What was most curious about the public input was not how the man was dressed but rather about the message that was being delivered. He claimed that in 2003 when he moved to Citrus to look for land “to build our big mansion” and US 19 was beginning the widening. Now, almost 20 years later, it still wasn’t done. “You’re showing the world that obviously Republicans can’t get anything done,” he concluded.
Part of me regretted leading with this because on the video feed I noticed Mike Wright walk by while Rhonda was talking undoubtedly to get a better photo so that he can mention it as well. This type of attention is undeserved but it does play into the theme of the day.
I teach in the ADPR program. ADPR of course is short for advertising and public relations. Most of my classes inevitably come to a point where it is important to make the distinction between the two disciplines. Many students have some vague ideas but it’s ill-defined.
One guess is PR is earned media that you don’t have to pay for while advertising is the paid spots. Advertising is corporate while PR is for nonprofits is a popular one as well. Neither of these definitions are all encompassing.
I teach my students to look for intent. Here’s an example. Take an anti-texting and driving ad that is sponsored by AT&T. The message is a public service but the branding raises the question if it is to increase the chances people might switch to AT&T because of the sponsorship. Is it an ad or PR? Hard to say in a hypothetical.
I use AT&T in this hypothetical, though, because the telecom giant experienced a very real nightmare when it mixed the intent of messaging about a decade ago on 9/11. The company tweeted a graphic of lights coming up from where the twin towers stood and a phone being used to capture the scene. This was problematic because the company thought the intent was to memorialize 9/11 (a PR message) and the public took it as using 9/11 to promote phone sales.
These mixed intents feel avoidable but they happen more than you might think.
In 2015, Dodge drove head first into controversy when it compared the service of Ram Truck drivers to that of Dr. Martin Luther King…in a Super Bowl ad no less.
You see how the two are similar. The intent as the company sees it is to interact with stakeholders through a shared honor of history. The intent the public sees is to hawk overpriced, underperforming consumerist goods by any means necessary.
And therein lies the problem with Rhonda Santis and the merry group of disruptors who have taken a more active interest in local politics. It’s not the crossdressing that is bothersome to me although Rhonda’s taste is usually far more shabby-chic than I would go with, but if that’s your thing, roll with it.
However, if you’re going to show up dressed against social convention at a government hearing, you should at least let your words compensate for the prejudgements that will happen about the clothes.
Everything Rhonda said failed to meet this standard. He complained about a state-managed federal road to a county commission and then took a political swipe at a public podium.

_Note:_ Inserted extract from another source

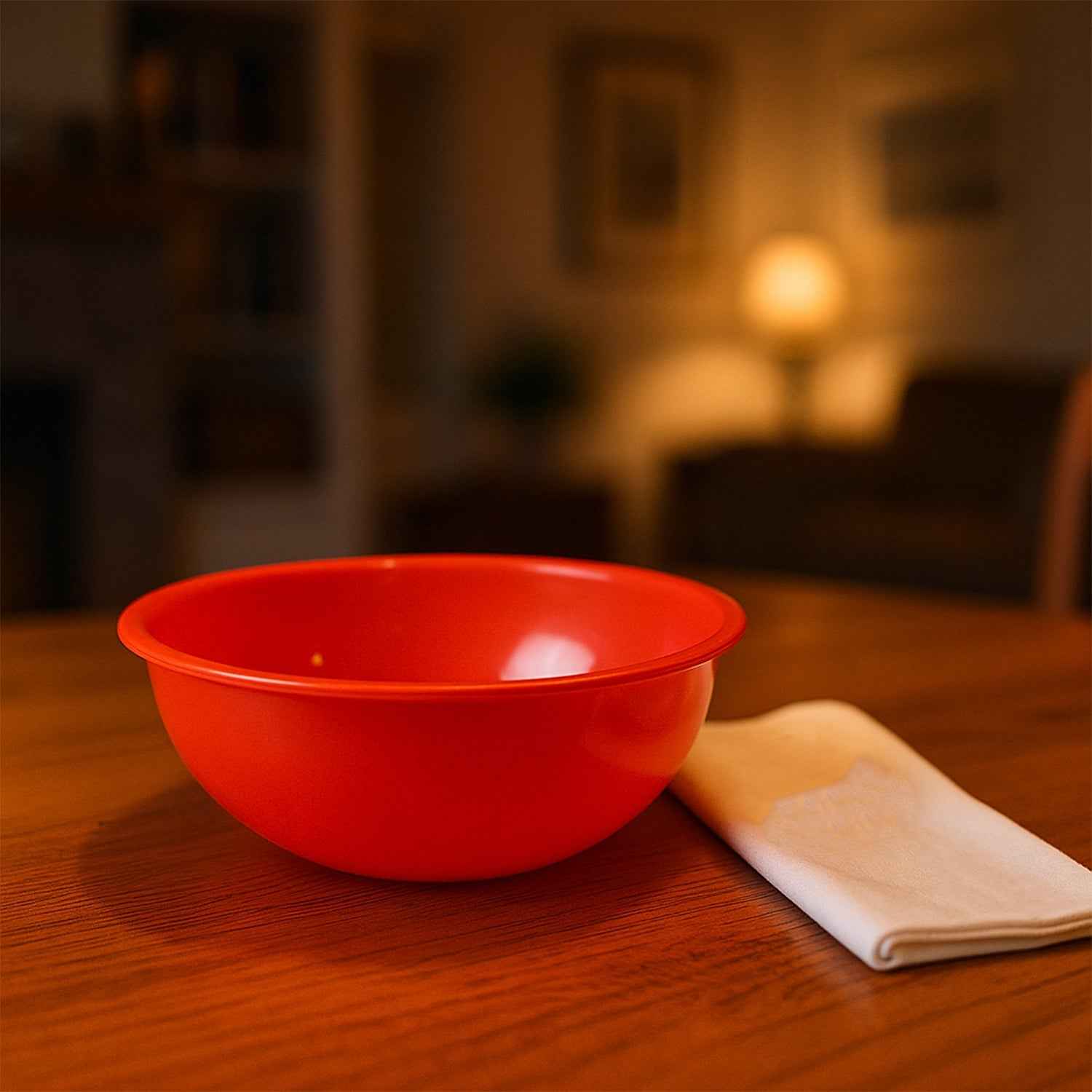 Plastic Serving Bowl 6 Inch – Durable Red Round Deep Bowl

It’s not the clothes that create an eyeroll or a justification that he is hurting the process but rather the blatant ignorance of decorum in public affairs. The intent is clearly just to be disruptive.
Apply this standard of intent to candidates who are running for office and it’s amazing how quickly you can cut through the context of political platitudes and see who is actually in a race for the right reasons.